Publicado en Foreign Police, el 8 de julio de 2024
“We don’t have a lot of time, do we?” David Lammy says as I sit down next to him. “Sorry about that!” We’re meeting in a bistro near Parliament, and it is nearly empty. That’s no surprise; Britain’s general election is a couple of weeks away, and everyone has decamped to their part of the country to campaign.
This is why Lammy’s team could only offer me half an hour with the then-shadow foreign secretary. He was already a busy man, and now he’s about to get busier, following his official appointment as foreign secretary last Friday. The day before that, Labour pulled off one of the largest landslides in U.K. political history.

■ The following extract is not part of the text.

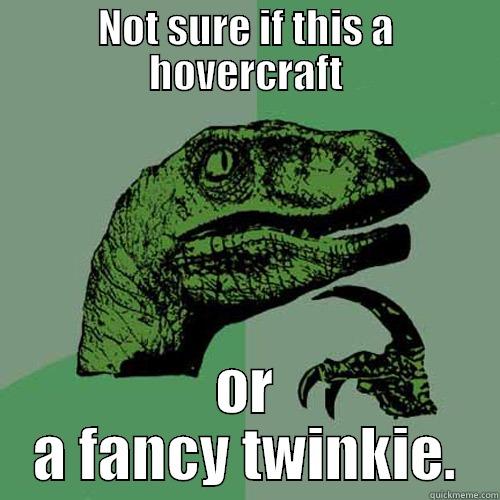 NOT SURE IF THIS A HOVERCRAFT OR A FANCY TWINKIE. Philosoraptor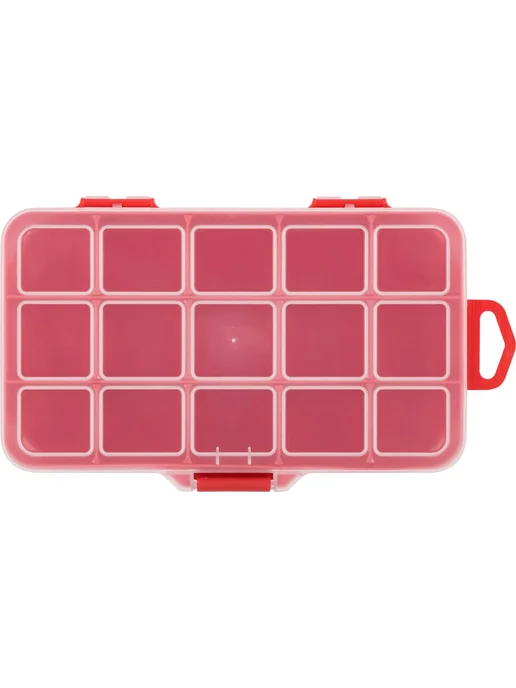 Blocker Ящик с ячейками, органайзер мелочей 15 яч, 20.5х13х3.3 см, 20.5x13x3.3 см, фото 4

Under strict instructions from party leader Keir Starmer, Labour’s shadow frontbench—the spokespeople who, after the election, are poised to become secretaries of state—has had to remain relentlessly on message. Every interview revolves around delivering a few clear messages and little else. Every policy announcement has been run past a thousand focus groups. Every decision is calculated, and every intervention is as precise as it needs to be.
A sign that the Starmer doctrine really has worked is that, over the course of our half-hour together, Lammy, for once in his life, fails to say anything truly compelling. There’s a reason he apologized to me; the foreign secretary is a very interesting man, and for the last six weeks he has been doing his best to hide it.
Before I first interviewed him just over a year ago, I tried to read every interview he’d given until that point to get a sense of who he was. It nearly made me lose my mind. There are approximately 1 million interviews of Lammy.
Over his 24 years in Parliament, he has spoken to every publication about everything. He has charmed and infuriated interviewers, argued with them, laughed with them, changed their minds, and shouted at them.
But he was always interesting, often taking turns you wouldn’t have expected. A straight talker with strongly held opinions on countless issues, he was the person you’d go to if you had inches to fill in your paper and wanted some solid quotes.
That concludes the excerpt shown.